One of nine children, Moy was born on September 15, 1938 in Detroit, Michigan. Interested in classical music and jazz from an early age, she took singing lessons while at high school and landed a job performing at Detroit’s Caucus Club. During this engagement, she was discovered by Motown stars Marvin Gaye and Mickey Stevenson and duly established herself as one of the legendary label’s first female songwriters and producers.
Moy played a key part in shaping Motown’s pioneering legacy. In collaboration with Stevie Wonder and fellow co-writer Henry Cosby, she wrote Wonder’s U.S. No. 3 hit “Uptight (Everything’s Alright)” in 1965. The trio later penned Wonder’s Billboard Hot 100 hits “My Cherie Amour” and “I Was Made To Love Her”. In addition to Wonder’s hits, Moy’s Motown credits include The Isley Brothers’ “This Old Heart Of Mine” and Marvin Gaye and Kim Weston’s “It Takes Two”. A six-time Grammy Award nominee, Moy was inducted into the Songwriters Hall Of Fame in 2006. Wonder made a surprise appearance at the ceremony to thank her.

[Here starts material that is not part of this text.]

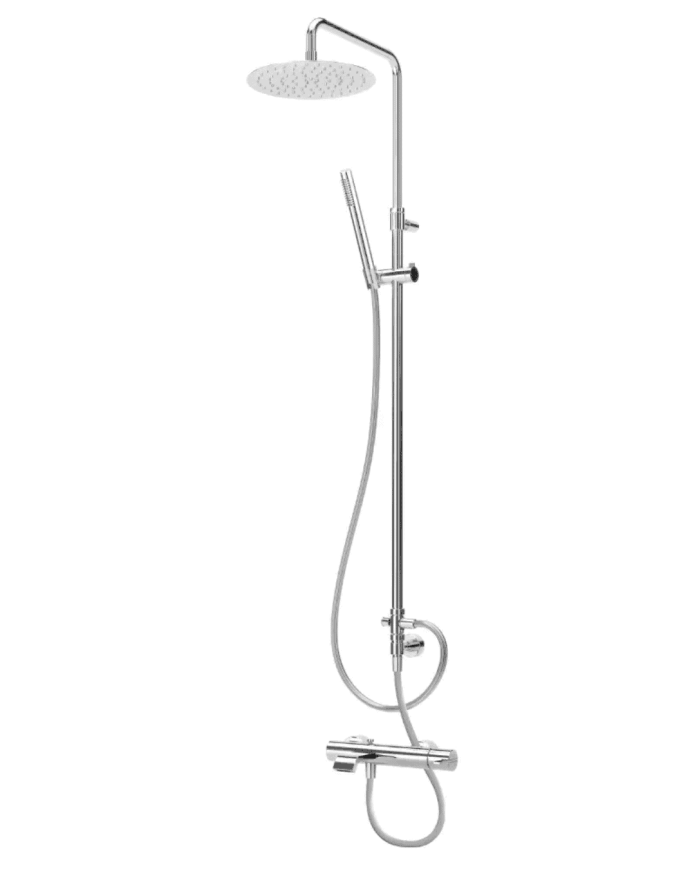 Colonne de bain - douche Breeze - Bruma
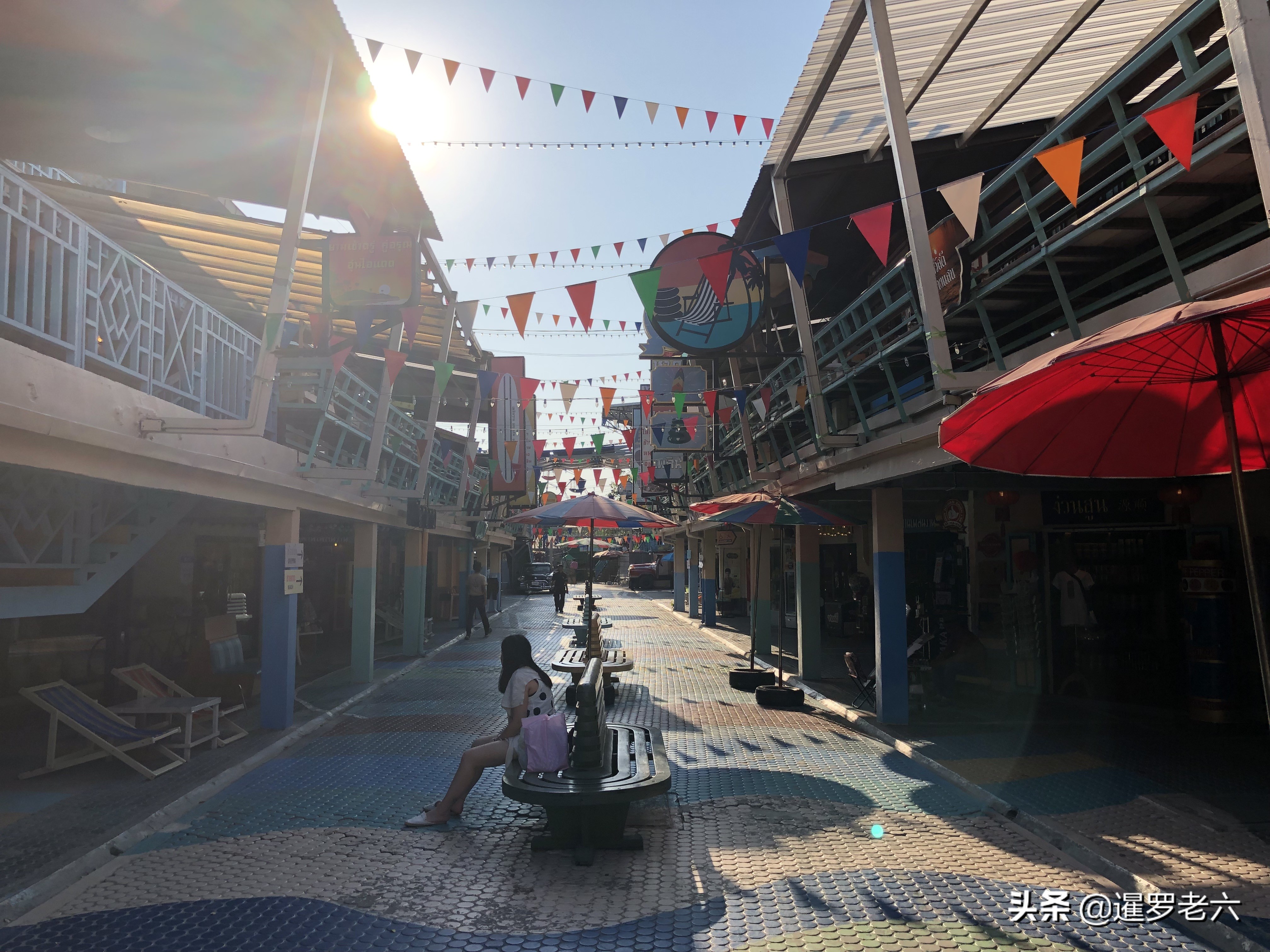 去泰国华欣浮潜,泰国华欣到普吉岛旅游攻略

“How do you stop loving the ones you loved for a lifetime – you don’t!” Stevie Wonder wrote in a tribute to the late songwriter penned for Rolling Stone. “Sylvia Moy has made it possible to enrich my world of songs with some of the greatest lyrics. But, not only that, she, through our participation and our co-writing those songs, helped me become a far better writer of lyrics.”